To me, the very fact that selective journals are less easily sustainable than journals that publish lots of papers raises questions about why selective journals need to exist at all in their present form. As we all know, linking or highlighting and explaining papers that a certain group of people considers notable can be done even without publishing the papers themselves. Judging the (de)merits of this approach is a different discussion altogether…
(for those whose interest in this issue is at an almost unhealthy, masochistic level, more thoughts at http://floatingnotes.tumblr.com/tagged/publishing/ )
To echo other people, thanks for a very levelheaded post, John.
I completely agree with you that PLoS’s inability to reach overall breakeven is no cause for shame or even concern. Like most start-ups, it’s taking a few years to get to that point. You’re also correct that many of NPG’s activities, not least Nature Network, fall into the same category.
What I’m worried about is that an apparently permanent situation is developing in which PLoS’s high-end journals are subsidised by charitable funding or proceeds from its low-end journals. I think this works against PLoS’s own aims, namely to create new publishing models that others will adopt. To its credit, PLoS has provided one option for authors who wish to publish in a high-end open-access journal where none previously existed. Unfortunately in the current situation that’s all there’s ever likely to be: one option. I wish we could be encouraging, instead of discouraging, others to develop.
“…an apparently permanent situation is developing…”. I have no idea where this notion of permanence is coming from. Can someone explain how can gradual move towards sustainability be understood as “permanently unsustainable”?
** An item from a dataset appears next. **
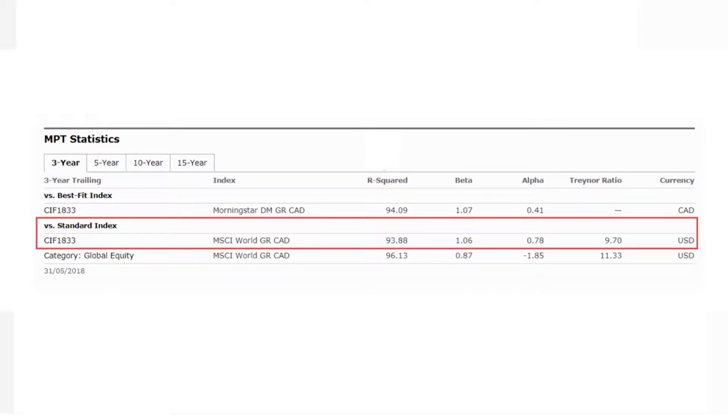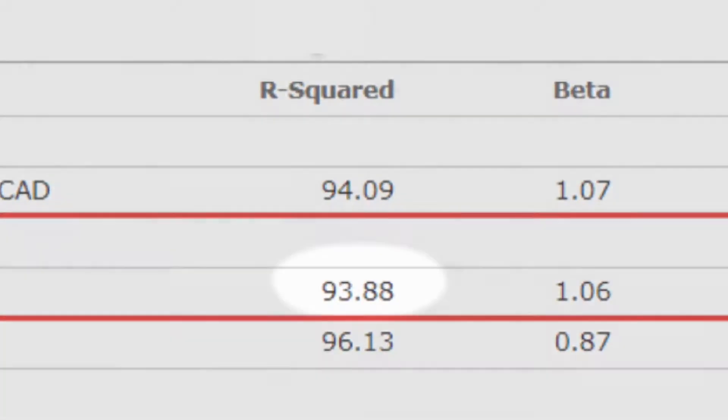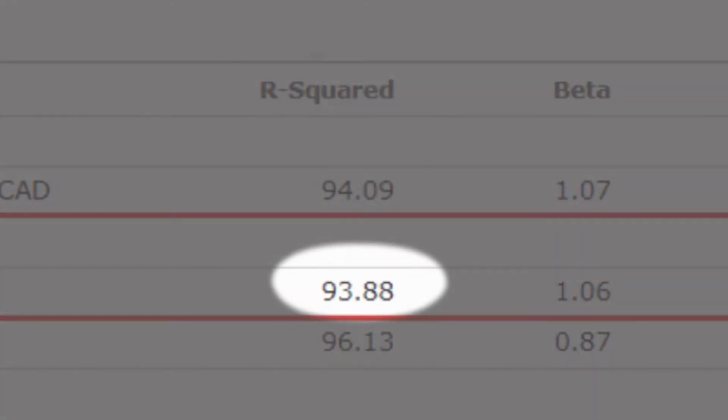Let's take a look at a few examples. First, the Capital Group Global Equity Fund Series D, which has a three-year R-squared value of 93.89. This high R-squared value indicates that the benchmark is comparable, the fund's returns have a high degree of correlation with the benchmark, and that its alpha and beta values are likely to be meaningful and could be used to evaluate the manager's performance.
“…I completely agree with you that PLoS’s inability to reach overall breakeven is no cause for shame or even concern. …”
I am concerned.
I recently started wondering what happens when the money flow stops and Plos can’t afford to be in ‘business’ any more.
Do the servers get wiped?
All publications go into the recycle bin?
This is not just a concern for Plos, but for all electronic only journals. At least with journals that make a hardcopy you know the articles will remain in some libraries. What happens to electronic journals such as Plos?